Find the city view of Soul taken with T/S Lens.
Robert Koehler writes and takes photograph for Seoul-based publishing company Seoul Selection,
where he is the editor-in-chief of the monthly magazine SEOUL.
A native of Long Island, New York, he has lived in Korea since 1997.
FIND THE CITY VIEW OF SOUL TAKEN WITH T/S LENS.
Written by Robert Koehler
Few objects made by human hand fascinate, awe and terrify like the skyscraper.
The moment you step foot outside of Manhattan’s Penn Station, for example, your gaze is drawn upward, toward the heavens,
towards the tops of man-made valleys lined by towering cliffs of concrete, glass and steel.
In that instance, existence breaks its bond to the terrestrial plane. Life becomes vertical. To view a skyline is like gazing upon a flying city.
Though the United States birthed the skyscraper, it is in the great cities of Asia where high-rise towers are truly flourishing.
China alone completed 705 skyscrapers over 200 meters tall in 2017, according to the Council on Tall Buildings and Urban Habitat. Korea, too, completed seven such towers last year, the third most behind China and the United States.
Home to many of Korea’s tallest buildings, including the recently completed Lotte World Tower, the fifth tallest building in the world at 555 meters, Seoul presents plenty of opportunities to photograph high-rises, both from above and below. For me, skyscrapers are strong, imposing subjects, the figures they cut against the horizon symbolizing the heights of ambition and human achievement. They are excellent platforms from which to shoot, too, vantage points with unparalleled views of the city below.
A sprawling city akin to Los Angeles, Seoul isn’t quite as vertical as New York, and its skyscrapers aren’t nearly as old – the Big Apple’s distinctive skyline goes back to at least the early 20th century. What Seoul’s cityscape has, though, is a youthful energy. If New York is a city of Gothic spires and Art Deco facades, Seoul is a city of soaring glass and steel, of digital light reflected in towering curtain walls, a city that offers a glimpse of the future.

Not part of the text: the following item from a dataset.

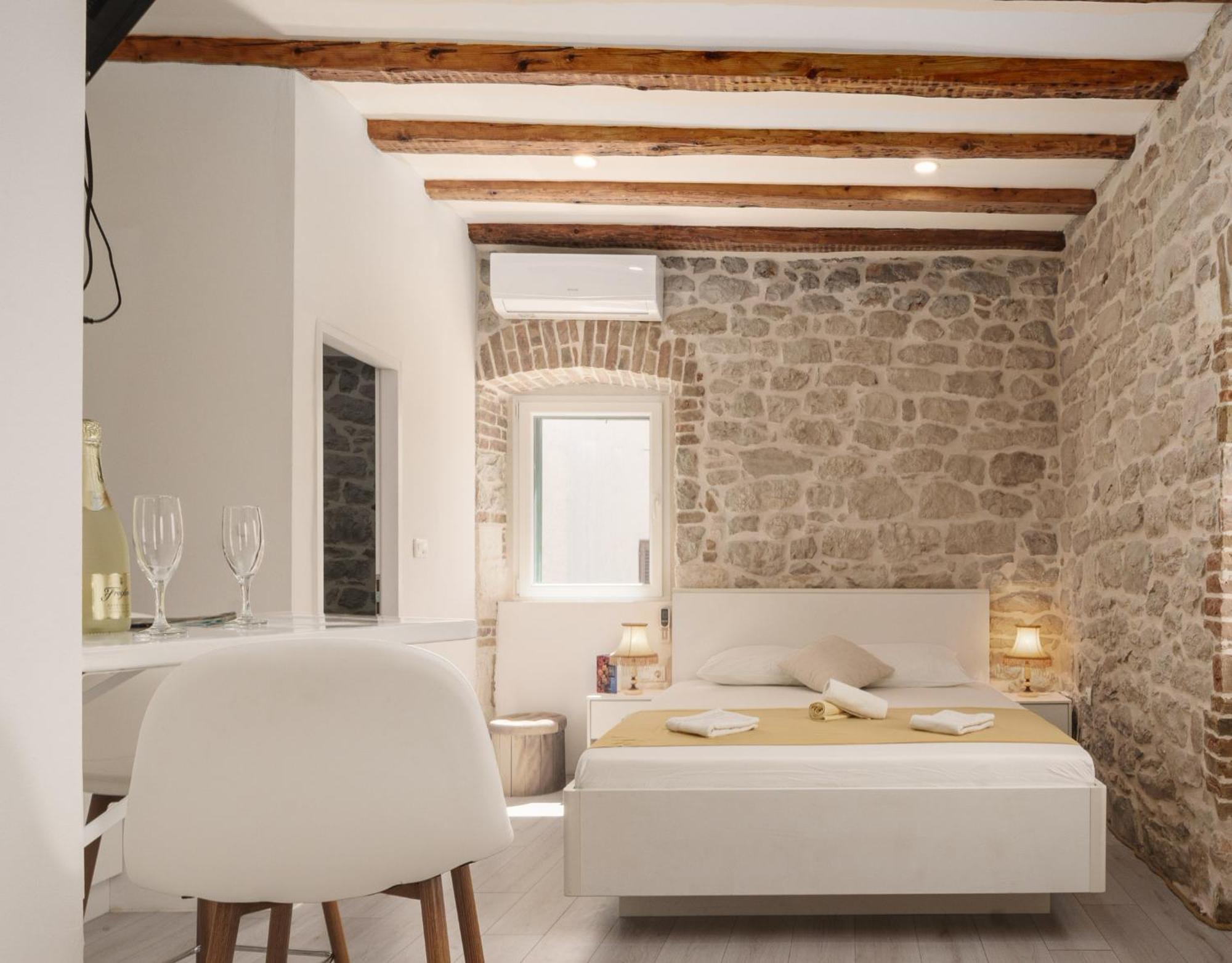 Sibenik Style Suites Экстерьер фото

a New Yorker, I feel an affinity for the Yeouido district, where the dense cluster of skyscrapers, many the headquarters of securities firms and other financial institutions, recalls the awesome verticality of Manhattan.

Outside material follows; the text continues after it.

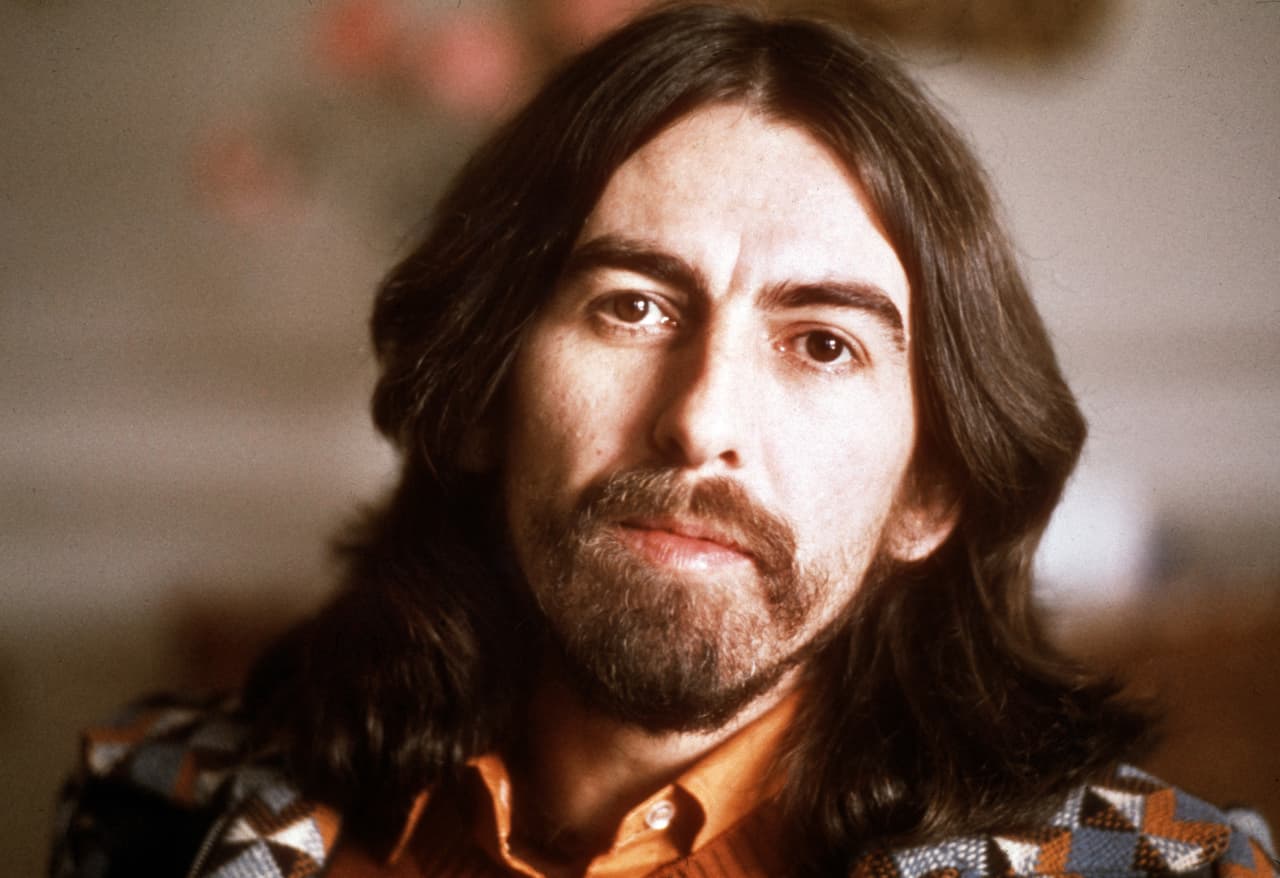 <b>George Harrison.</b> “El uso sin autorización the ‘Here comes the sun’ en la Convención Republicana es ofensiva y está en contra de los deseos de los representantes del patrimonio de George Harrison”,
<a href="https://twitter.com/GeorgeHarrison/status/756329307325235202"><u>tuitearon en la cuenta del fallecido exbeatle</u></a> en julio de 2016.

The observation deck of the 249 meter high 63 Building offers some of the best views in Seoul, not to mention some opportunities to have fun with the Samyang TS 24mm, using its tilt function to create diorama illusions of the city below. Open roof tops also provide vantage points to take in Yeouido’s glass and steel forest.

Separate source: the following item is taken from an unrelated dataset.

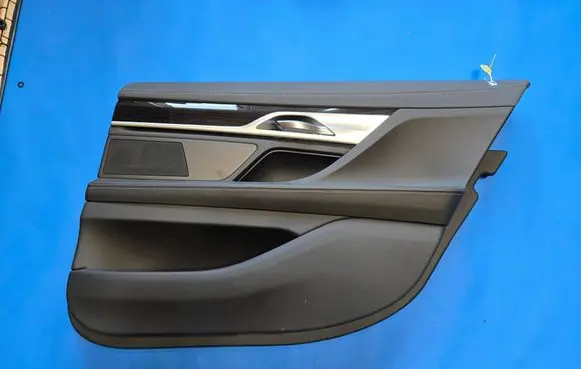 BMW 7 G11 G12 Rear door card panel trim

From below, the reflecting ponds of Yeouido Park and Yeouido Hangang Park beckon the cityscape photographer. The Samyang TS 24mm’s shift function comes in really handy here – it not only keeps my vertical lines straight, but also makes makes wonderful panoramas without the distortion that occurs when using non-TS lenses.
One of the world’s tallest skyscrapers, the Lotte World Tower naturally draws plenty of photographers. I enjoy shooting from the top of the tower and photographing the tower itself from the neighborhoods below. Seokchon Lake is an obvious spot from which to shoot, especially at night, when water reflects the tower’s colorful lights. The Lotte World Tower is big, it goes without saying, but again, the Samyang TS 24mm makes shooting panoramas easy.
Though the newer, posher neighborhoods south of the Hangang River host many of Seoul’s skyscrapers, the older, grittier districts north of the river boast many skyscrapers, too. In the historical Jongno, Myeong-dong and Eulijiro districts, the old commercial center of the city, soaring glass towers loom over webs of alleyways illuminated with the glow of neon and LED light. Around Gwanghwamun, high-rise office towers coexist in uneasy harmony with royal palaces and Confucian shrines centuries old. Here, every rooftop, every alleyway, every window tells a story, a story of a city running towards tomorrow, even with one foot firmly planted in the past.